Adult P. tenuis nematodes
reside in the subdural space of the central nervous system and in the
associated blood vessels and sinuses. The life cycle begins when adult females
lay their eggs in the venous vessels and the eggs hatch in the capillaries
of the lungs. First stage larvae (L1) enter the alveolar sacs and are coughed
up and swallowed. L1 larvae leave the host in the mucus covering of fecal
pellets, then actively penetrate gastropods residing in the pasture. The
larvae molt twice in their intermediate host. Accidental ingestion of the
snails containing infective L3 larvae continues the life cycle. L3 larvae
leave the gastrointestinal tract of the host and enter the central nervous
system in approximately ten days. Larvae develop in gray matter of the dorsal
horn of the spinal cord and migrate to the subdural space 40 days later. In
aberrant hosts, the parasite persists in the parenchyma of the central nervous
system instead of migrating to the subdural space. Disease is caused by
physical trauma to the parenchyma of the central nervous system by developing
and migrating worms.
White-tailed deer are the natural host of P. tenuis; however, other wild and
domestic ungulates have been identified as aberrant hosts and may develop
severe neurologic disease. In response to infection, clinical signs
usually reflect focal, asymmetrical spinal cord lesions and include ataxia,
stiffness, muscular weakness, hypermetria, posterior paresis, paralysis,
head tilt, arching neck, circling, blindness, gradual weight loss, depression,
seizures, and death. Clinical signs generally begin in the hind limbs and
progress to the front limbs. The disease may be acute or chronic, with death
within days to ataxia that lasts months to years.

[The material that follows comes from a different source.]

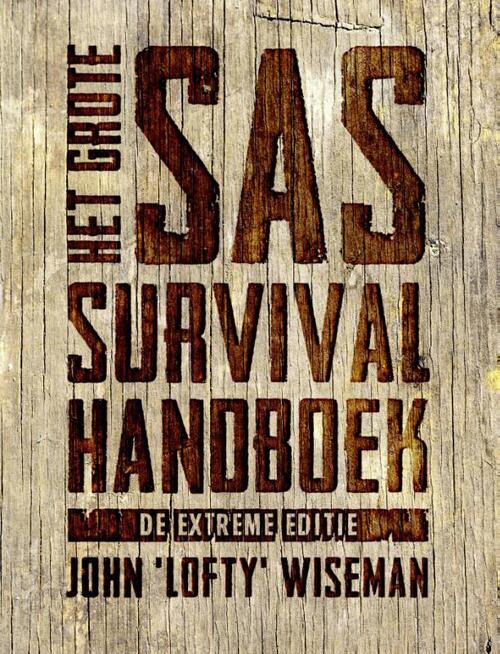 Het Grote SAS Survival Handboek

Microscopic lesions include scattered foci of hemorrhagic necrosis. Acute
lesions are characterized by focal parenchymal loss with hemorrhage in and
around the area of injury. Most chronic lesions have no
hemorrhage,
but varying numbers of large, foamy macrophages, some containing gold pigment
consistent with hemosiderin. Around some necrotic foci there can be swollen
axons. The microscopic lesions seen are most compatible with lesions caused
by a migrating parasite.
The use of cerebrospinal fluid for diagnosis of P. tenuis infection is
valuable, especially since hematologic abnormalities are often not
found with meningeal worm infection Eosinophilia in the cerebrospinal fluid is
a common, although inconsistent, finding in aberrant hosts.. Leukocytosis and
vacuolated monocytoid cells are often found. CSF eosinophilic pleocytosis
is not always associated with cerebrospinal parelaphostrongylosis, and other
parasites can cause eosinophilic meningitis in South American camelids.
The only antemortem test for diagnosing P.
tenuis is the Baerman technique, which relies on the
detection of L1 larvae in the feces of infected animals by microscopic
examination. Aberrant hosts rarely shed larvae within their feces, thus this
test is unreliable even when repeated. Experimental ELISA-based
antigen-antibody tests in goats and elk have shown promise but this test is not
currently available. Additionally, an antigen-capture ELISA has
been developed that can detect antigens of P. tenuis in cerebrospinal fluid, but
this test is not commercially available.
The definitive diagnosis of meningeal worm currently requires demonstration of
larval or adult P. tenuis in
the brain or spinal cord of an affected animal at necropsy. Nematodes are
identified on the basis of their size and the following features: lateral cord
cells broader at the base than at the apex, multinucleated intestinal cells,
with no more than two cells per cross section, and polymyarian coelomyarian
musculature. A presumptive diagnosis may be based on clinical signs, exposure,
and response to treatment.
Recommendations for the prevention of meningeal worm infections include the
exclusion of white-tailed deer from llama and alpaca pastures in endemic areas
and clearing thick ground cover to discourage establishment of snail
intermediate hosts. Prophylactic treatment with ivermectin is more effective
against early larval stages because the drug does not cross the blood brain
barrier. Anti-inflammatory drugs are also important for reduction of the
inflammation associated with migrating larvae and the subsequent inflammatory
response to killed larvae. Use of anti-inflammatory drugs is especially
important to prevent the clinical signs from worsening after treatment.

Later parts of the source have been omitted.